The majority of reviewers recommend at least borderline accept, especially after the author rebuttal and discussion. Particular strengths mentioned include:

  1. Clearly written paper that is easy to understand, with good motivation for the problem addressed (continual audio-visual separation) and for the proposed solution (CrossSDC to prevent catastrophic forgetting)

  2. Demos in the included supplementary are impressive and convincing.

  3. Thorough evaluation and analysis of results, including ablations, especially of memory size.

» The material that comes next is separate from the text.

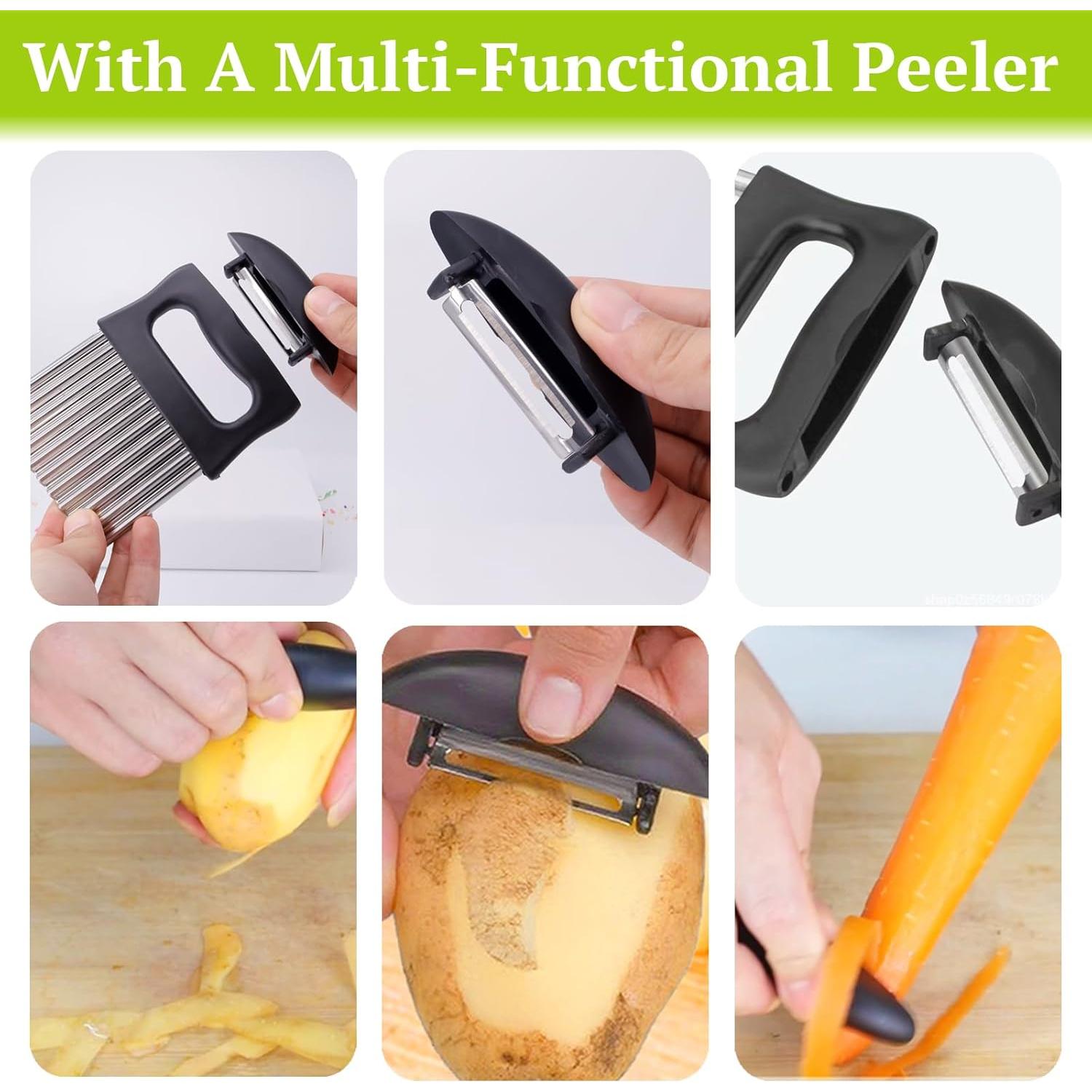 Cortador Crinkle 2 en 1 Suuker - Acero Inoxidable, 14.5 cm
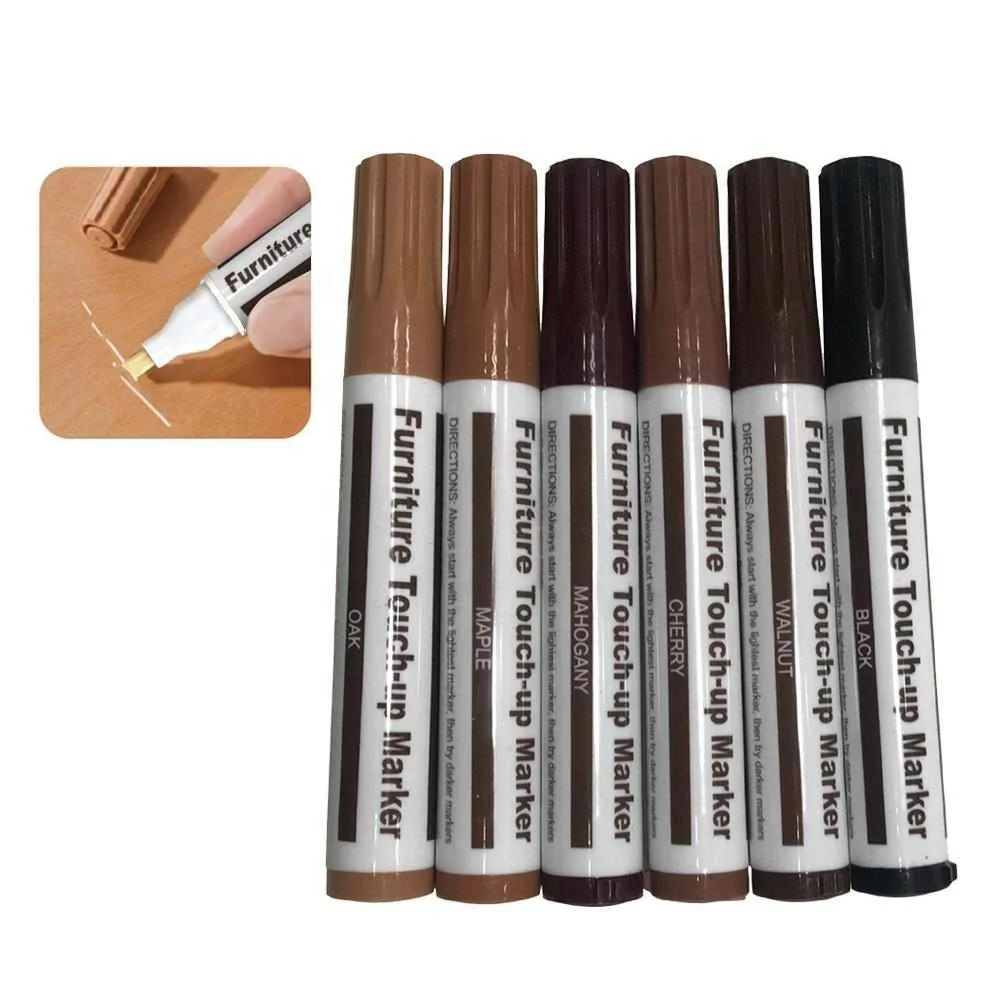 Furniture Touchup Markers Set Wood Repair Scratch Fillers Home 5 Piece Kit New !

Weaknesses mentioned include the following, along with corresponding

  1. Concern about novelty, as the method is based on the prior iQuery method, and also that similar contrastive methods to the proposed CrossSDC have been used in potentially similar contexts before. The most critical reviewer (NCtq) considers the combination of these two prior works and the application of CrossSDC to the related task of continual audio-visual separation to fall short as a significant contribution. I agree this isn't a completely novel contribution, but to me (and other reviewers) it seems that the application to a new task is interesting and novel enough.

  2. Inital concern about lack of generalization, as the initial results were only on MUSIC21. The authors presented results on more general VGGSound data in the rebuttal, which convinced reviewers that the method is more generally applicable.

  3. Some lack of discussion of prior works, e.g. audio-only continual separation works.

Given that the majority of reviewers find value in this work, especially after the author rebuttal and dsicussion, I think it is over the bar of acceptance, and an interesting contribution to the areas of audio-visual source separation and continual learning.